Publication history
This poem was first published in the St. James’s Gazette and the National Observer on April 4th, 1891, with the title “The Flag of England.” It also appeared in the Morning Post of 1 March 1897.
The poem is collected in:
- Barrack-Room Ballads
- Inclusive Verse
- Definitive Verse
- The Works of Rudyard Kipling (Wordsworth Poetry Library)
- Lyra Heroica
- Sussex Edition vol. xxxii, page 305
- Burwash Edition vol. xxv
- Stories, Poems, Articles 1887-1891. 28/4 Kipling Papers, University of Sussex
See ‘Rudyard Kipling: A Bibliography’ by David Alan Richards for further details.
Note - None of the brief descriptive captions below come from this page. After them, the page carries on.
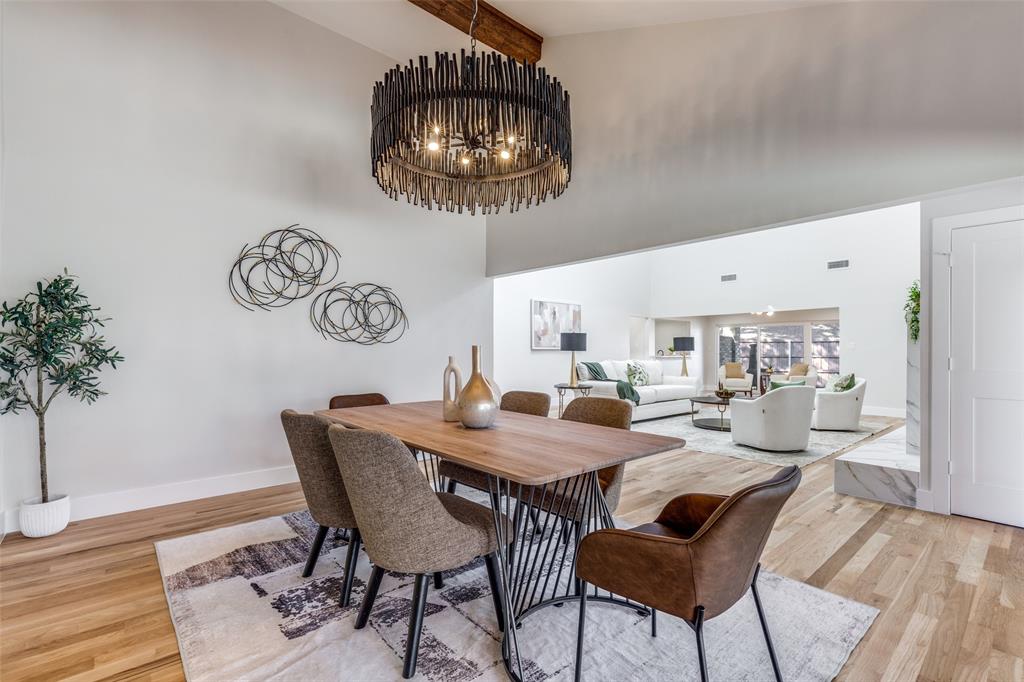17119 Skelton Place Dallas, TX 75248 - Photo 17 of 32 a view of a dining room with furniture and chandelier
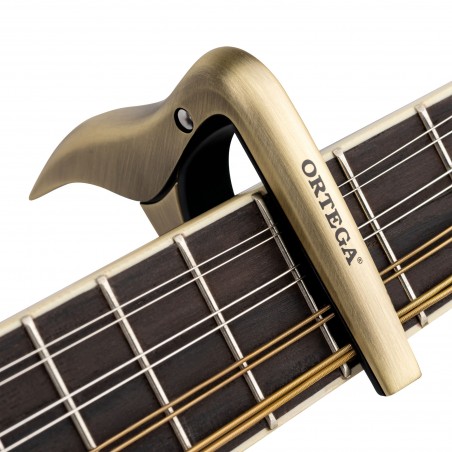 ORTEGA Ukulele kapo - Brushed Brass Design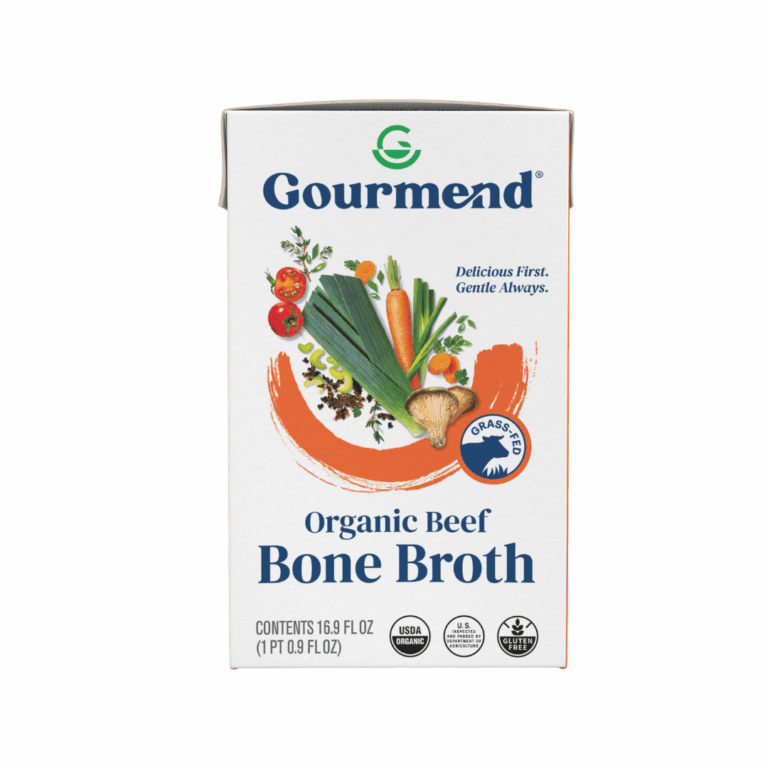 Front view of a Gourmend Organic Beef Bone Broth carton featuring images of vegetables, a grass-fed seal, and organic certification logos. The text highlights this Beef Bone Broth as organic and always delicious.
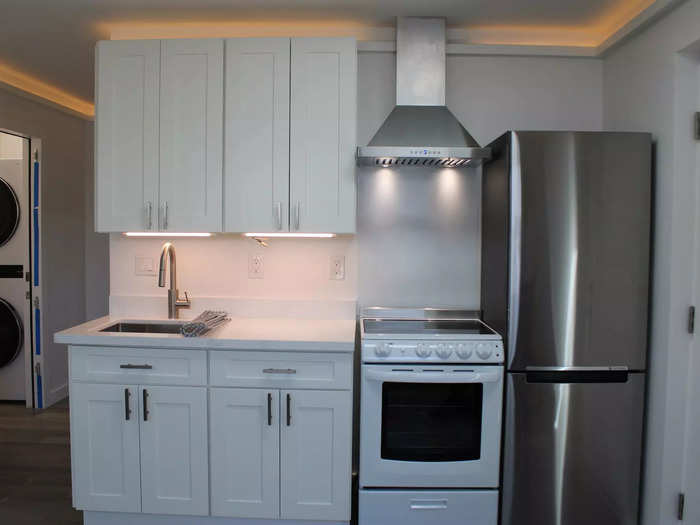 Swanky lighting installed above the cabinetry made the unit feel warm and homey. Here is the kitchen, situated to the right when you walk in the front door.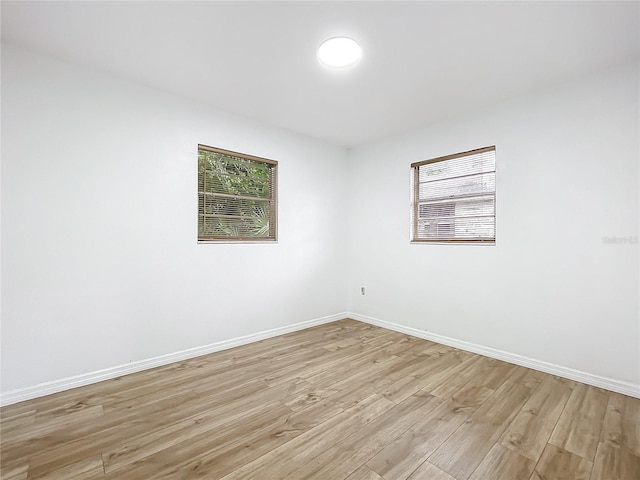 empty room with light wood-type flooring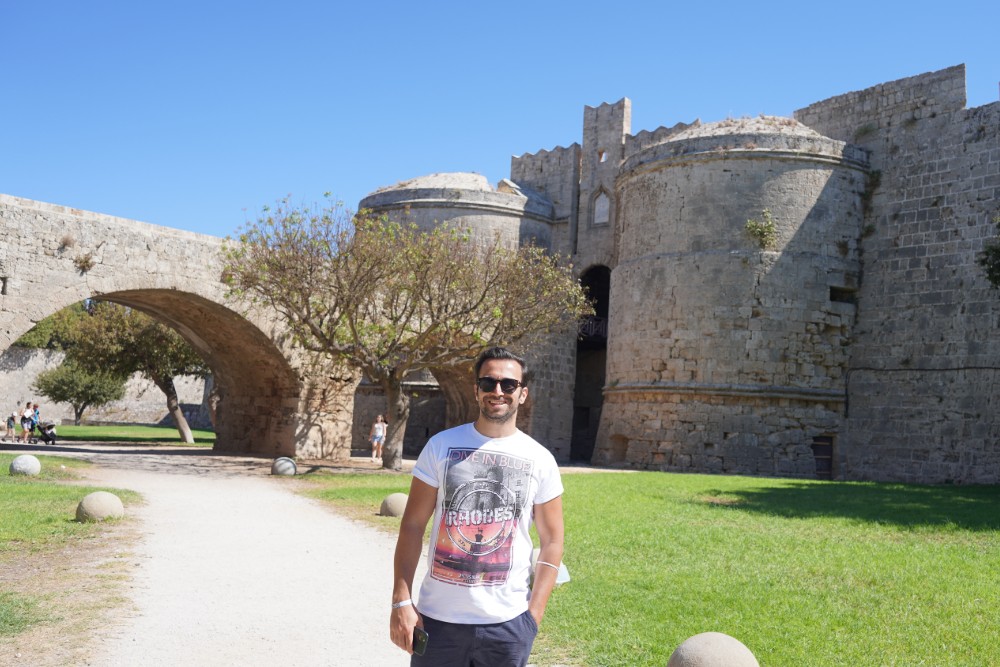 Ein Mann steht vor einer Burg in Rhodos.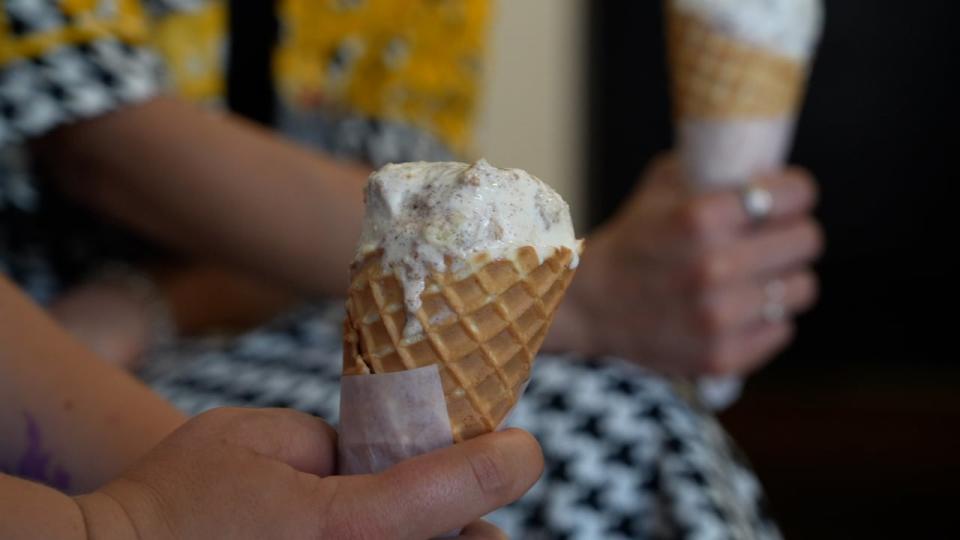 An customer at Village Ice Cream's Victoria Park location holds an ice cream cone on July 9, 2024.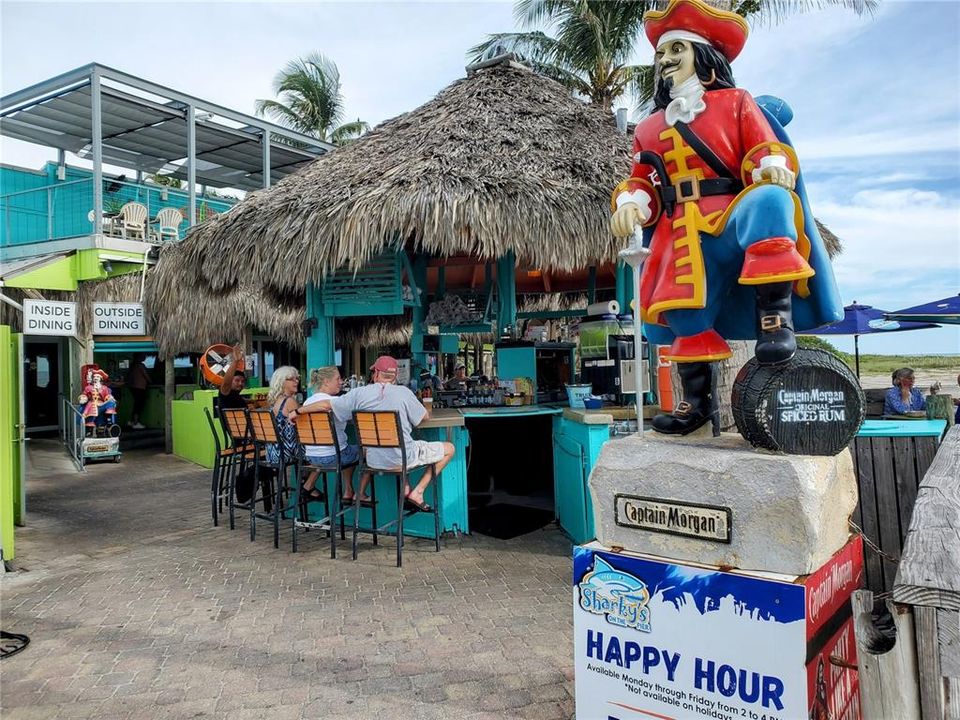 Sharky's outdoor tiki and upstairs dining for great sunset viewing.  This is a 7 minute drive from the condo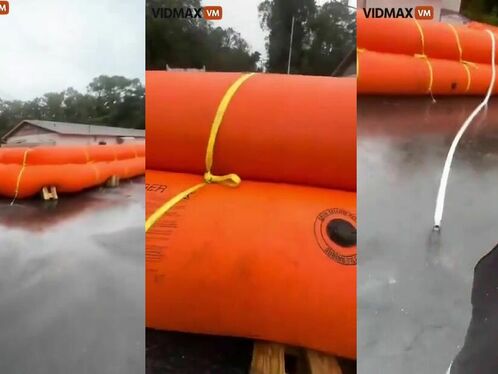 Homeowners Place Giant Floats Around Their Property To Prevent Flooding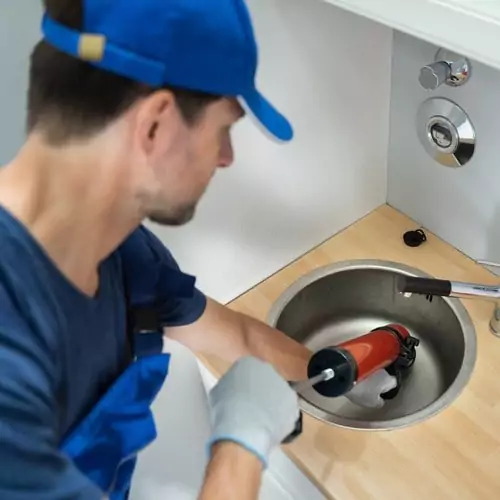 Drain Cleaning Livermore Plumber Completing a Drain Cleaning in Livermore, CA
As Charles Allen (p. 3) notes, The Morning Post published a three-column facsimile of Kipling’s manuscript when he and his daughter Josephine had pneumonia in New York l in New York in 1899; he recovered but she did not.
See also KJ 237/23 Dr Keith Wilson, ‘The Manuscript of The English Flag’. Also a useful booklist compiled by by Igor Burnashov at the Kazakh National University.
This poem was written only months after the young Kipling’s return from India, and shortly before “The Last of the Light Brigade” which also attacked what he saw as the blindness of the English to their Empire and the men that served and defended it, also published in the St. James’s Gazette.
The theme
A rather clumsily-worded headnote, attributed to “Daily Papers”, tells of a Union Jack on a burning building. When eventually it falls into the flames. the onlookers rend the air with shouts.
However, Dr. Gillian Sheehan has drawn our attention to pages 67-70 from The Holly Bough, a publication of the Cork Evening Echo for Christmas 2018, which reports that the Union Jack escaped unscathed, although the flagpole itself was burnt, and was retrieved the next day.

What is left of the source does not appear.